Latter-day Saint women can ‘remove prejudice’ and improve the world, Eubank says
Highlights from Saturday evening’s women’s session of the General Conference of The Church of Jesus Christ of Latter-day Saints:
6:30 p.m.: Jesus heals our brokenness, says Primary leader
Cristina B. Franco, second counselor in the general presidency of the children’s Primary, discussed the healing power of Jesus Christ.
She told about getting a new piano that fell off a hand truck during delivery and was damaged. The manager offered to give Franco and her husband, Rudy, a new piano, but Rudy would not hear of it. He wanted the broken one back.

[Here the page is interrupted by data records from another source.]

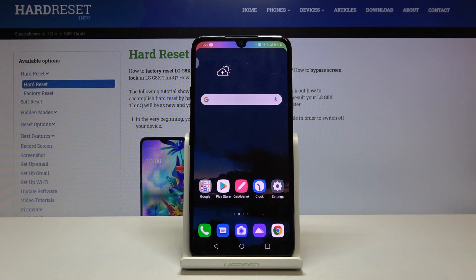Hi everyone, here we've got LG G8X ThinQ and let me show you how to set the timeout on this device.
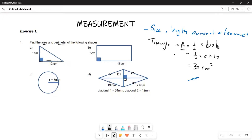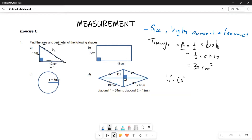Now when looking at the perimeter — perimeter is the distance of all the sides. For this triangle, the perimeter is going to include the sides of five and twelve, but we are missing the longer side, which is the hypotenuse. We can apply the theorem of Pythagoras: H squared equals five squared plus twelve squared — that is the Pythagoras theorem.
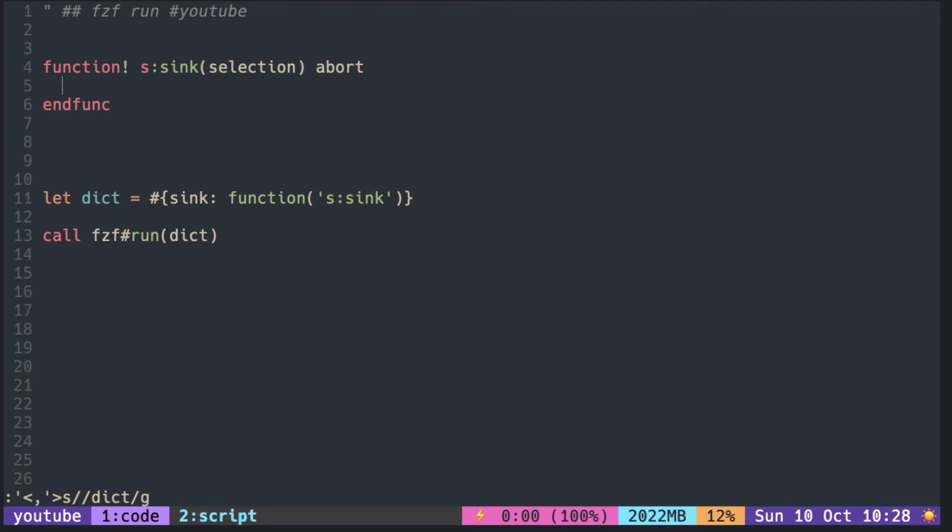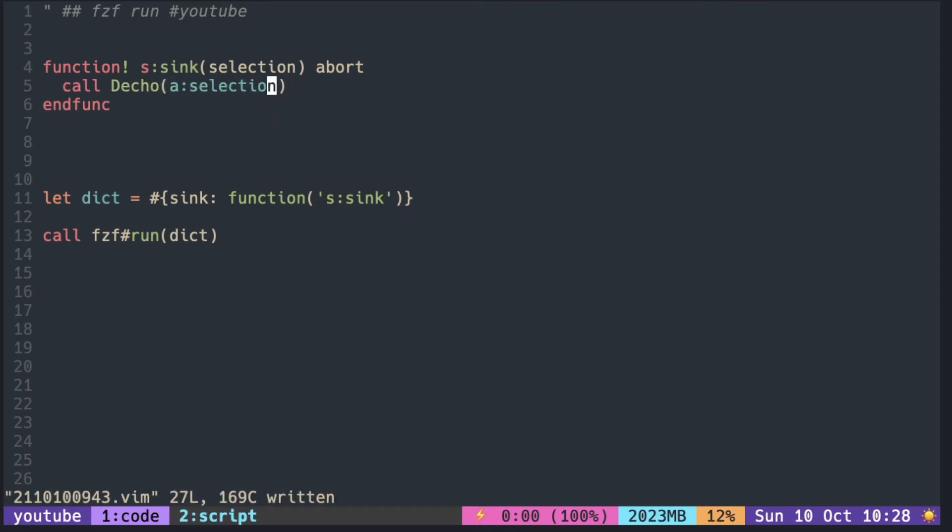So first let's just echo out the selection. I am using the echo plugin instead of plain echo because somehow echo did not print anything.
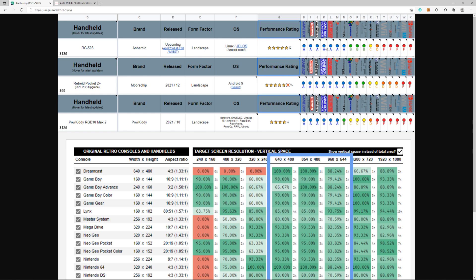You can see you have A's here all the way up to Nintendo DS, except a B for Nintendo DS on the RGB. For Nintendo 64, you get a C, a B, and then an A. Here you got C's, you got B's, you got C, C. So as you see, slightly better—well, way better than the RGB Max 2.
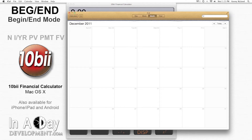Hi, this is Teresa from In-a-Day Development. Welcome to our video tutorial on begin and end mode. One of the most important and least understood aspects of time value of money, or TVM, calculations is the choice between begin and end mode.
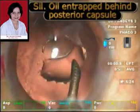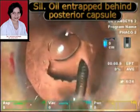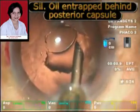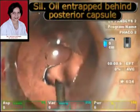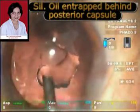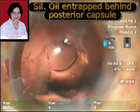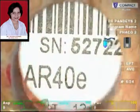The silicone oil that has been entrapped behind the posterior capsule can also be removed by similarly depressing in the area where the silicone oil is coming out.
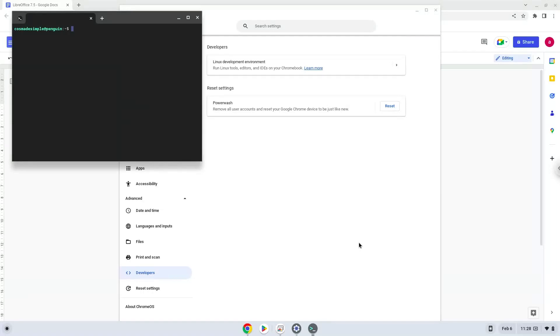Now that we have enabled Linux apps on our system, we will continue to the next step, which is to run several commands in a terminal, which will install LibreOffice. All the commands are in the video description.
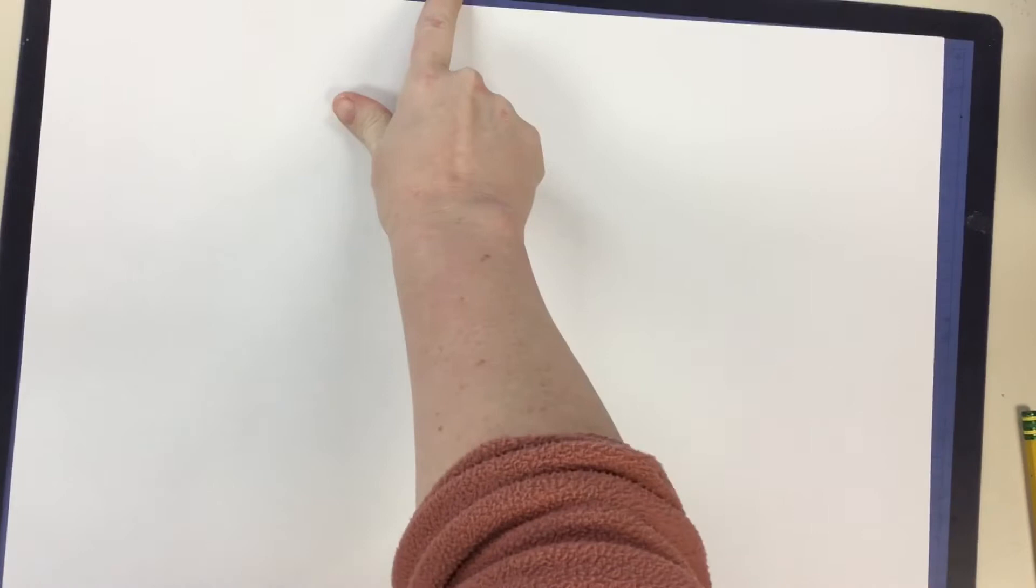All right, after you put your name on the back, we want to make sure we have our messy mat down and we're going to start with our black and white drawing first.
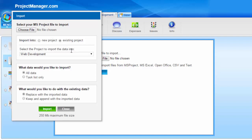You can choose to import all the data or simply a task list and then either replace the data that's in your project with the imported data or keep and append both sets of data. That's of course if you were in an existing project and you could simply import.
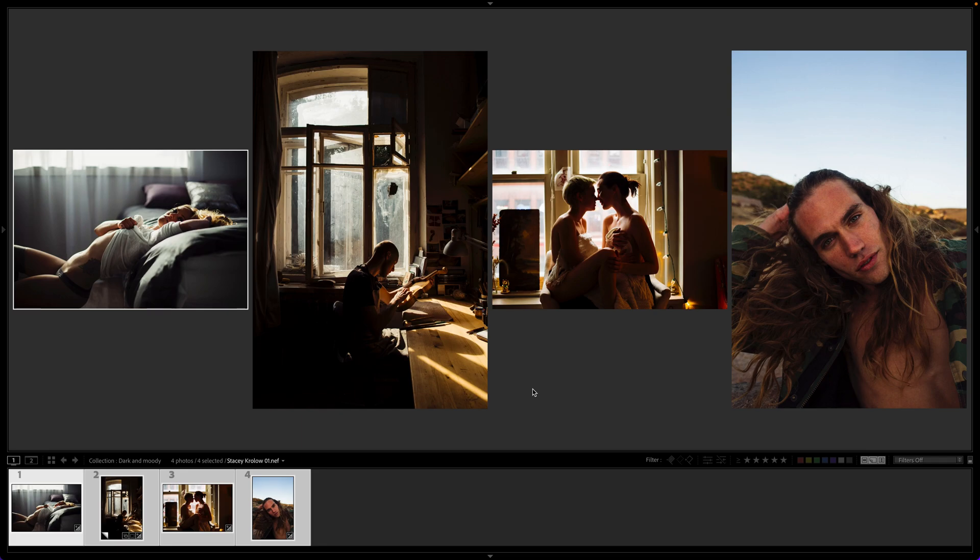Hey there, Casey here from Mastin Labs, and in this video we are going to be covering the Dark and Moody Assist tool — one of the new AI tools that is out for our Vintage Slide Film Pack beta that we have going on right now. These tools will eventually make their way to all of the other packs, but we are testing them out currently for the Vintage Slide Film Pack.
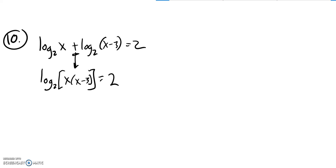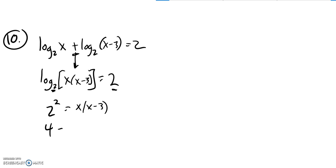So now I have log base 2 of something equals 2. I'm going to rewrite this. Base to the exponent, so 2 to the second power is an input into log x times (x minus 3). 2 squared is 4.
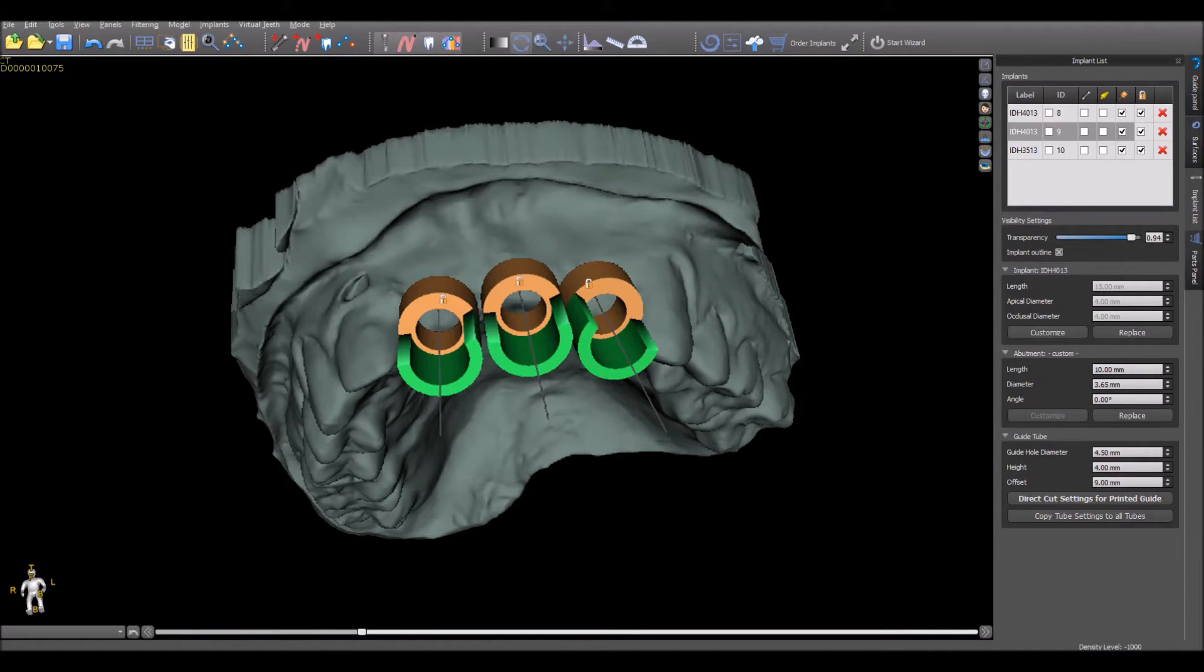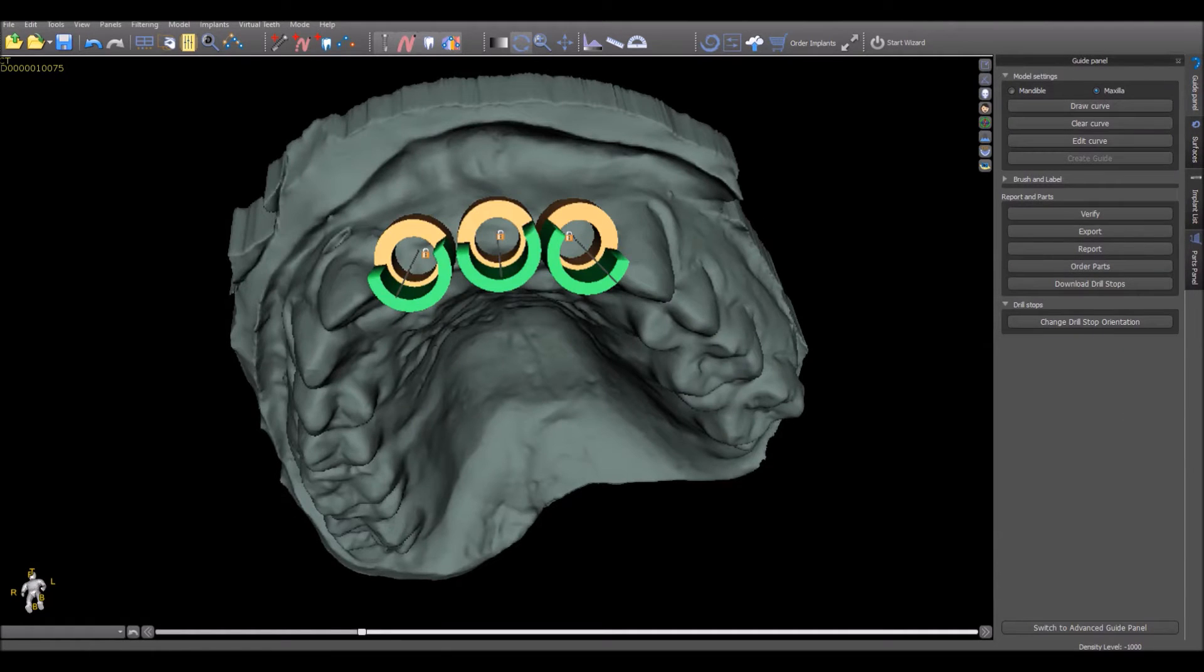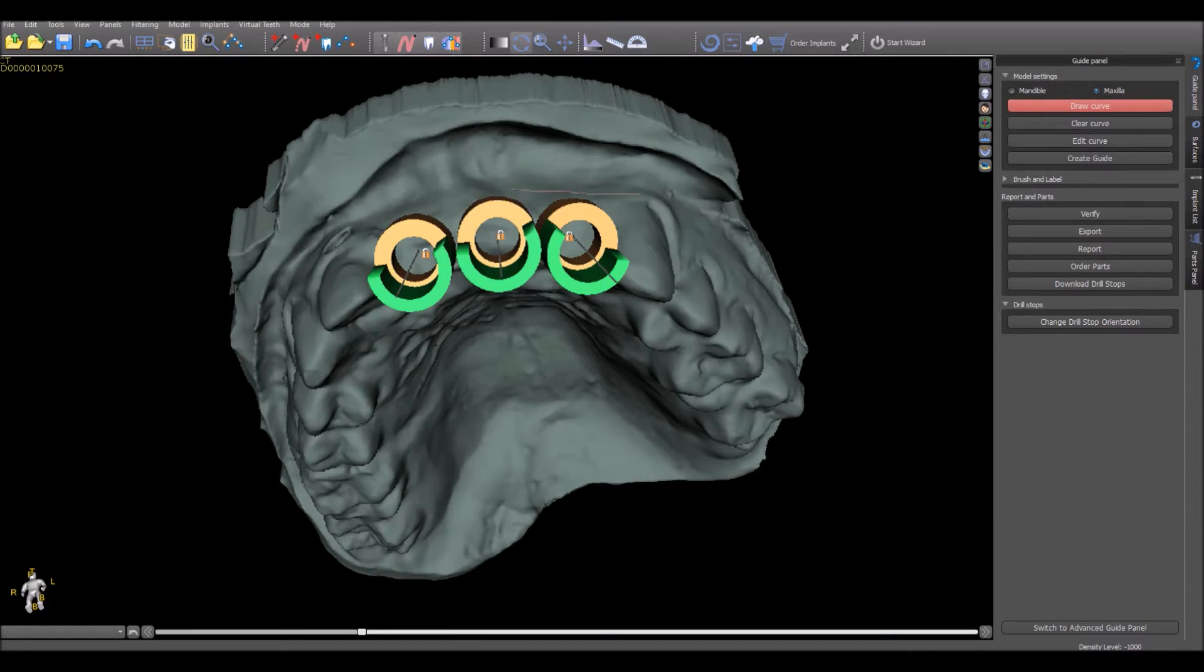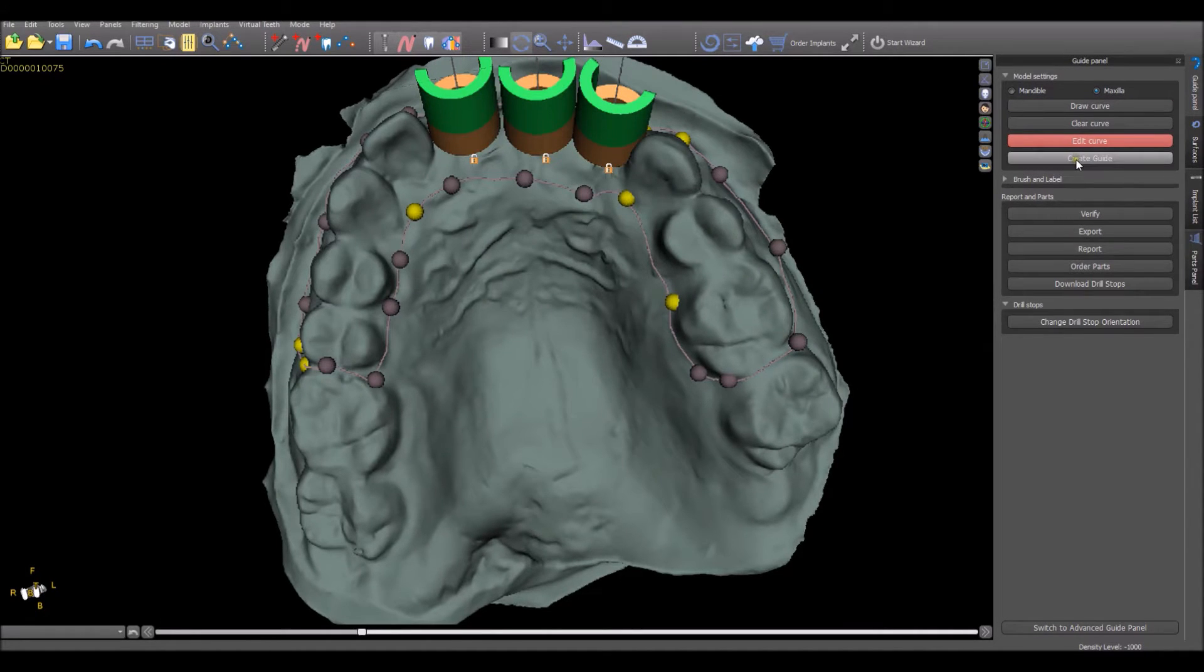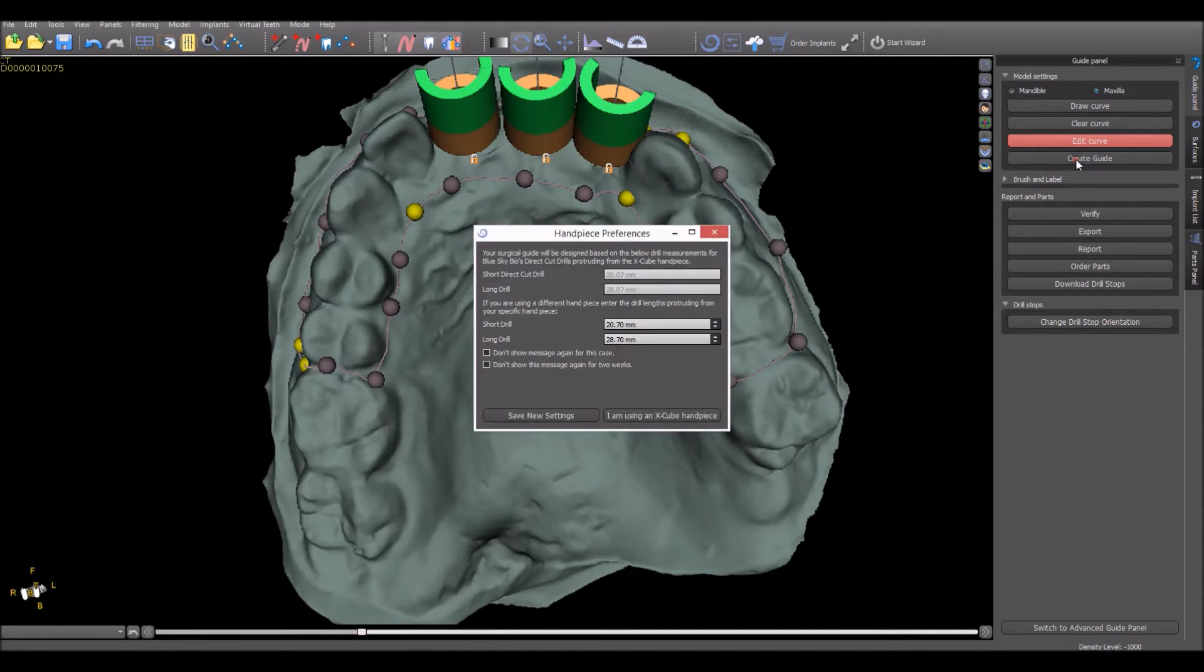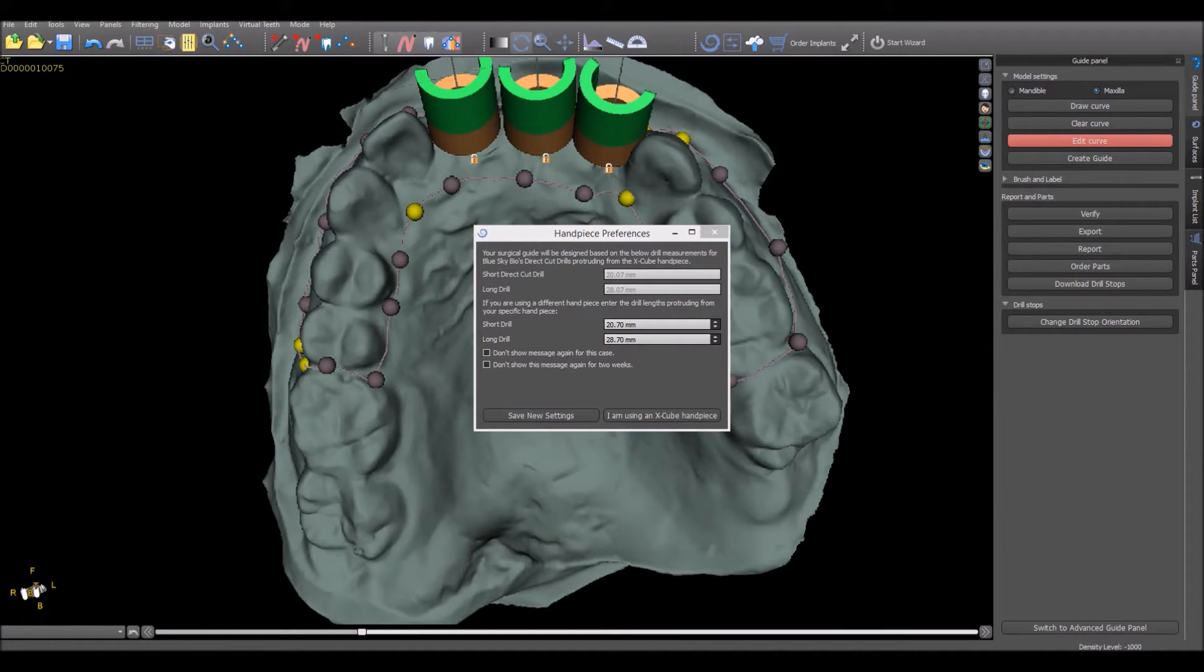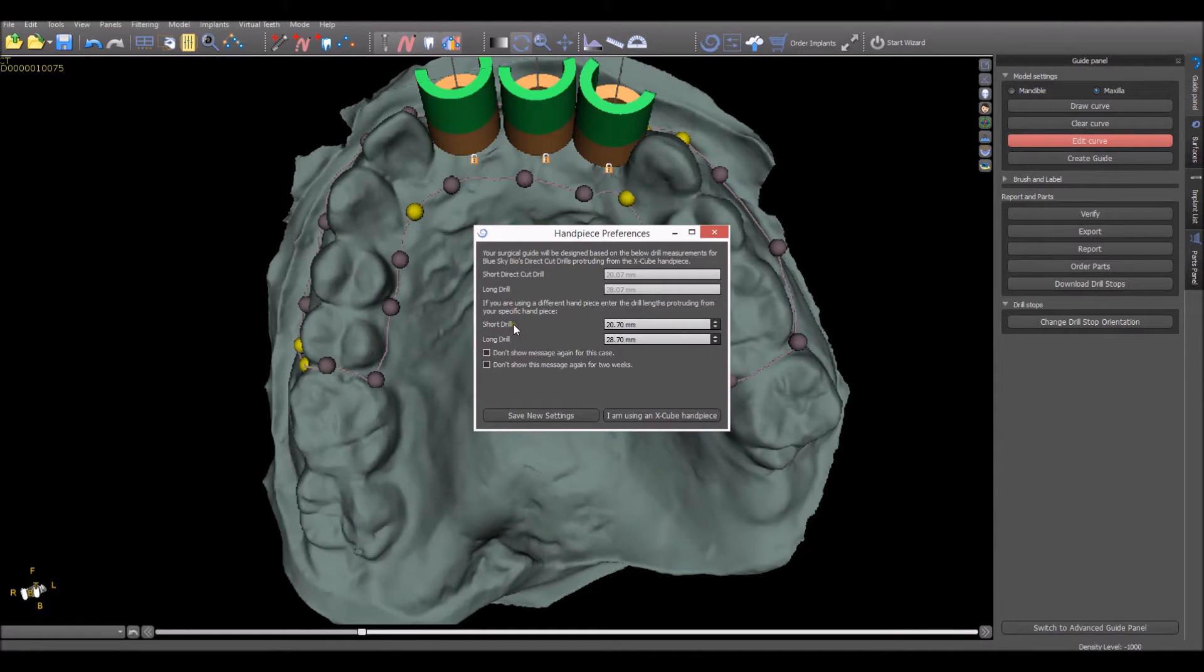The process of creating the surgical guide has not changed. Once the curve is drawn and the user clicks on the Create Guide button, a dialog box appears on the screen. The drill lengths of the drill extending from the X-Cube handpiece appear up here on the screen.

“Sisters and brothers, aren’t we all like this piano, a little broken, cracked and damaged, feeling like we will never be the same again?” Franco asked.
But Jesus Christ can “heal brokenness,” when people have faith, repent and seek him, she said. These believers will be “mended and made whole.”
6:20 p.m.: Change for the better, says Young Women leader
Rebecca M. Craven, second counselor in the general presidency of the Young Women organization for girls starting at age 11, addressed the possibility of individual change.
“Jesus Christ has given us a continuous pattern for change,” Craven said. “He invites us to exercise faith in him which inspires us to repent... As we repent and turn our hearts to him, we gain a greater desire to make and live sacred covenants. We endure to the end by continuing to apply these principles throughout our lives and inviting the Lord to change us.”
Enduring to the end “means changing to the end,” she said. “I now understand that I am not starting over with each failed attempt, but that, with each try, I am continuing my process of change.”
6:15 p.m.: We can build Zion, says Relief Society leader
Sharon Eubank, first counselor in the all-female Relief Society’s general presidency, spoke about building a unified Zion society.
“The change we seek in ourselves and in the groups we belong to will come less by activism and more by actively trying every day to understand one another,” said Eubank, who also is president of Latter-day Saint Charities, the church’s humanitarian arm. “Why? Because we are building Zion — a people ‘of one heart and one mind.’”
She urged the women to be “part of a collective force that changes the world for good,” she said. “Our covenantal assignment is to minister, to lift up the hands that hang down, to put struggling people on our backs or in our arms and carry them. It isn’t complicated to know what to do, but it often goes against our selfish interests and we have to try.”
Latter-day Saint women, she said, “have power to remove prejudice and build unity” and "unlimited potential to change society.”